Kulissen voller Exkremente

Anders als einige ihrer Vorgänger nehmen Knebl und Scheirl nur in subtiler Art Bezug auf die Architektur des Pavillons – und teilen sich dessen gespiegelte Räume 50 zu 50 auf, durch die offene Bogenstruktur bleiben sie aber stets miteinander in Kontakt. Ganz nach ihrer Formel "Transgenre, Transästhetik, Transgender" bespielen sie diese als reich geschmückte "Begehrensräume".

Links betritt man bei Ashley Hans Scheirl eine "begehbare Malerei". Dieser ausgelutschte Begriff wird hier zur Geschmacksexplosion: Eine monumentale Hand zieht einen Vorhang zur Seite und lockt in eine kulissenhafte Spaßwelt, die sich je nach Standpunkt verändert. Die Farbe scheint von den Wänden zu rinnen und das Kunstduo selbst wie poppige Comic-Charaktere durch die Gemälde zu fliegen. Ein flauschiger Panzer schießt rot-weiße Pillen durch die Gegend, aus einer Pumpe tritt Erdöl, und ein leuchtender Goldklumpen prangt an der Decke.

Foto: Georg Petermichl

Diese Bezüge zur Waffenindustrie, zu Pharma- und Ölkonzernen spannen einen Bogen zu dem gemeinsamen Überthema der Seventies. Darin erkennen Knebl und Scheirl eine Zeit des Aufbruchs: Bürgerrechtsbewegungen, Identitätspolitik, Esoterik, Neoliberalismus: "Das passierte alles in diesem Jahrzehnt, und die Auswirkungen sind bis heute spürbar", so die beiden.

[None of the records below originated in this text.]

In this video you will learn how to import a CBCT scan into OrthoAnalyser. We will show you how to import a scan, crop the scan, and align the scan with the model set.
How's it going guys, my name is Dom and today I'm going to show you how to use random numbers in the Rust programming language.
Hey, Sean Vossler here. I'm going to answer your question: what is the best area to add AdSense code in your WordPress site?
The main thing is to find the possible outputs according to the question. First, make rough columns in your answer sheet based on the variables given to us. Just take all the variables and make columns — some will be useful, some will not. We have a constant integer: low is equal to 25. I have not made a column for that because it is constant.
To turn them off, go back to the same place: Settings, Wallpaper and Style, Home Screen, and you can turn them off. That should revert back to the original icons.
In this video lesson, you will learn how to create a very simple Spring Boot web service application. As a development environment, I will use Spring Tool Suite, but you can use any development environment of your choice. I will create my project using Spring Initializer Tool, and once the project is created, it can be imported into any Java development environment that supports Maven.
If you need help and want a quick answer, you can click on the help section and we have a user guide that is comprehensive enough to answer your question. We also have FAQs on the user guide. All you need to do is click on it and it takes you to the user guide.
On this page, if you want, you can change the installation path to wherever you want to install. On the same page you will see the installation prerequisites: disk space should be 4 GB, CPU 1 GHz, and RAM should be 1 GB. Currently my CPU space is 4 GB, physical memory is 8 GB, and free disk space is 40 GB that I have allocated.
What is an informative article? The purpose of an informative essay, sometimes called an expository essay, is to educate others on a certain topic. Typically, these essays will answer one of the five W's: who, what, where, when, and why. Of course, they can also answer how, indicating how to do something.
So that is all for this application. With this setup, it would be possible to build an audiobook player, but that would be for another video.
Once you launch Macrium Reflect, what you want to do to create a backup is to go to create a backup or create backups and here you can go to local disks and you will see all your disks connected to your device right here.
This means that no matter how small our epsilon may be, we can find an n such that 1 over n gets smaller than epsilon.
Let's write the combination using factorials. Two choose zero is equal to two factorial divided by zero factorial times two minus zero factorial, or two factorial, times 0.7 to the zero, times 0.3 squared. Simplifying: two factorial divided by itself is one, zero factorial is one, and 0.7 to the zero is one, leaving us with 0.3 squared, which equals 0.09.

Sobald es mit diesem theoretischen Überbau jedoch zu ernst wird – und auch zu erdrückend für die sonstige Heiterkeit des Kunstkosmos von Knebl und Scheirl –, bringen die beiden den Spaß ins Spiel. So wird mit fast kindlichem Schmäh bei Scheirl eine gelbe Lacke auf den Boden gepinkelt oder aus einem Anus eine goldene Kotwurst in den Raum gedrückt. "Exkremente sind auch Teil unserer Körper", stellt Scheirl fest.

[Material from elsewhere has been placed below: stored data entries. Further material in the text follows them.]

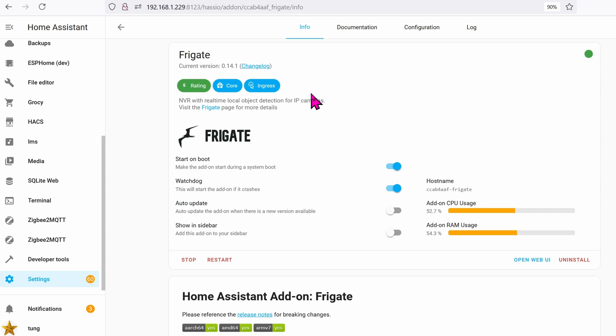Today I'm going to show you how to install a different version of any add-ons in the add-on store for Home Assistant.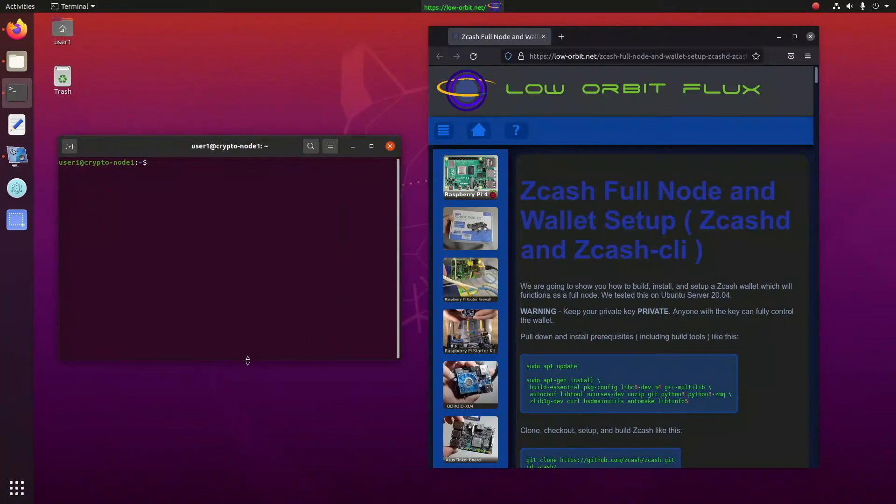Hey guys, today we're going to set up a Zcash full node and wallet. Basically we're going to be running Zcash D and Zcash CLI.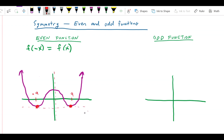So this says that f of a is equal to f of negative a. So this is one type of symmetry — even symmetry.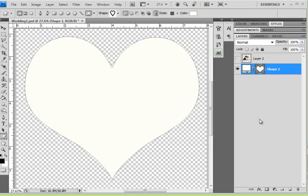Hey y'all. This is a tutorial on how to make text right within a shape, and I am using the full version of Photoshop CS4. I do know that this works in other versions of Photoshop, and so this is a pretty universal tutorial.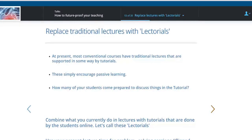That's why I'm saying let's combine what we do in lectures and tutorials, turn them into an online lectorial, and save our face-to-face time — which is very precious — for more useful activities: problem-solving sessions, flipped classroom, whatever you want to call that. One of the things we also know doesn't work is just getting students to read. Increasingly, students aren't reading anyway, so you can't rely on simply giving them material to read and assume they'll come prepared to tutorials.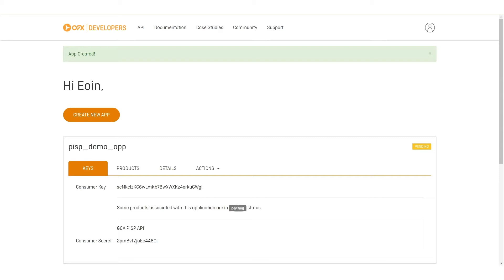The OFX team will need to complete the setup of this demo app for you, and we will wait until that is completed.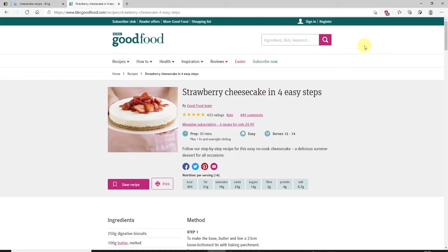How to take a full page screenshot in Microsoft Edge. Firstly, open up Microsoft Edge and go to the website where you want to take the screenshot of.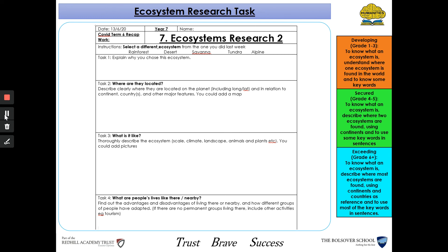And for task four, you need to tell me what people's lives are like there — so what are the advantages and disadvantages of living in this ecosystem, and how they have adapted to living in this ecosystem. Have fun researching your second ecosystem. Thank you.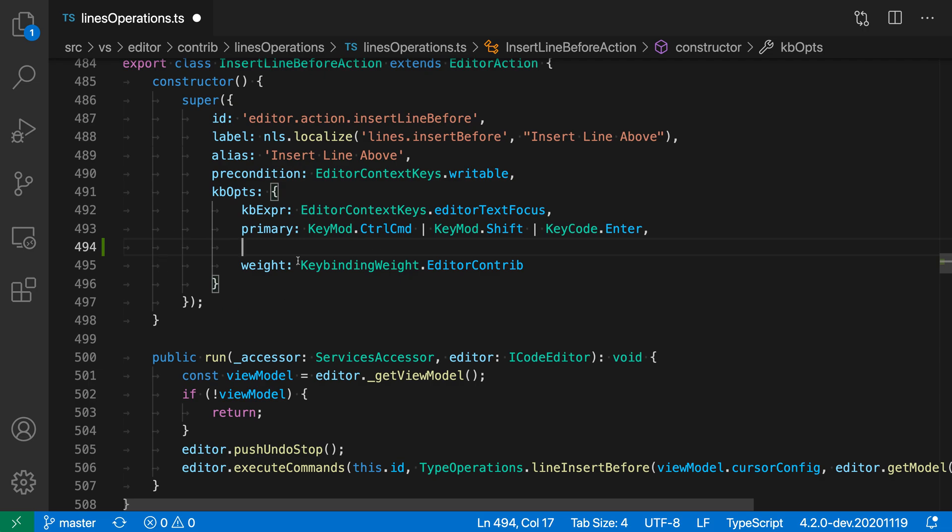You can see that my cursor has now been moved down to that new line, and I can just start typing and working on this new line. That's a nice convenience instead of having to move to the end of the line and then press Return.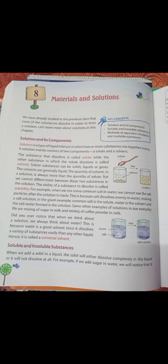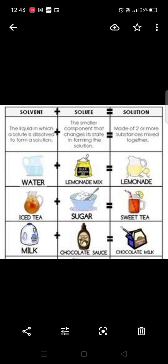Now we are going to discuss soluble and insoluble substances. You can see in this image: water plus lemonade mix equals lemonade; iced tea plus sugar equals sweet tea; and milk plus chocolate sauce equals chocolate milk — all examples of solute plus solvent forming a solution.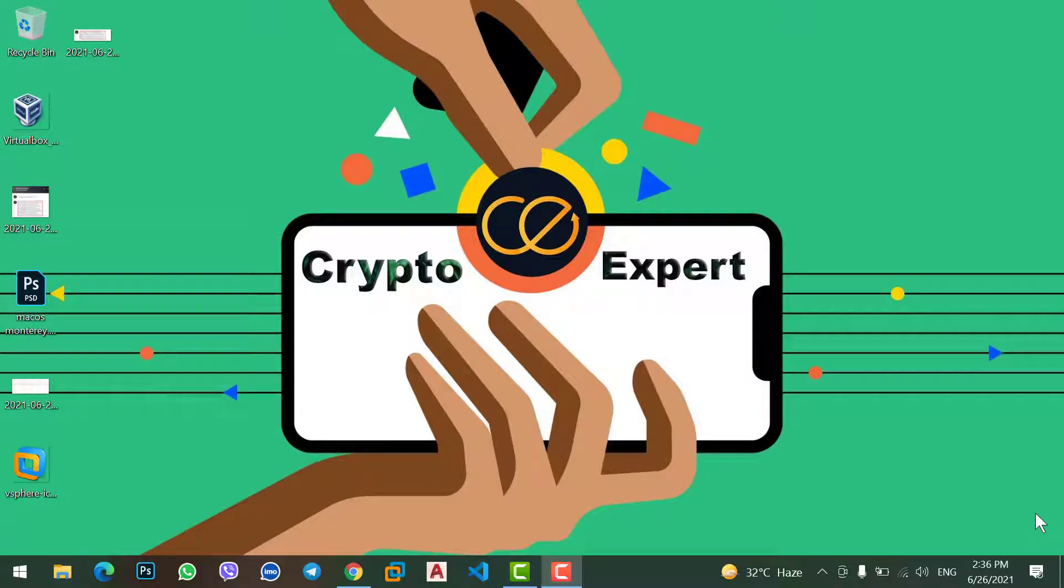Hey what's up guys, welcome to this video. In today's video I'm going to guide you how to transfer Dogecoin from your MetaMask wallet to your Binance account, so let's get started.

Kunstgeschichte trifft Comic

Auf der rechten Seite tanzen währenddessen farbenfrohe Skulpturen aus diversen Materialien von Jakob Lena Knebl durch den Raum, der mit einer industriellen Rohrarchitektur (Centre Pompidou!) verkleidet und einer surrealen Science-Fiction-Landschaft hinterlegt ist. Soft Sculptures aus Cord treten mit Keramikköpfen oder "Atomkraft? Nein Danke"-Shirts in Dialog. Mit ihren Hauptprotagonistinnen, die sie als 3D-Modelle digital entworfen und dann in nachhaltigem Plastik gegossen hat, nimmt Knebl auf Design- und Kunstgeschichte Bezug.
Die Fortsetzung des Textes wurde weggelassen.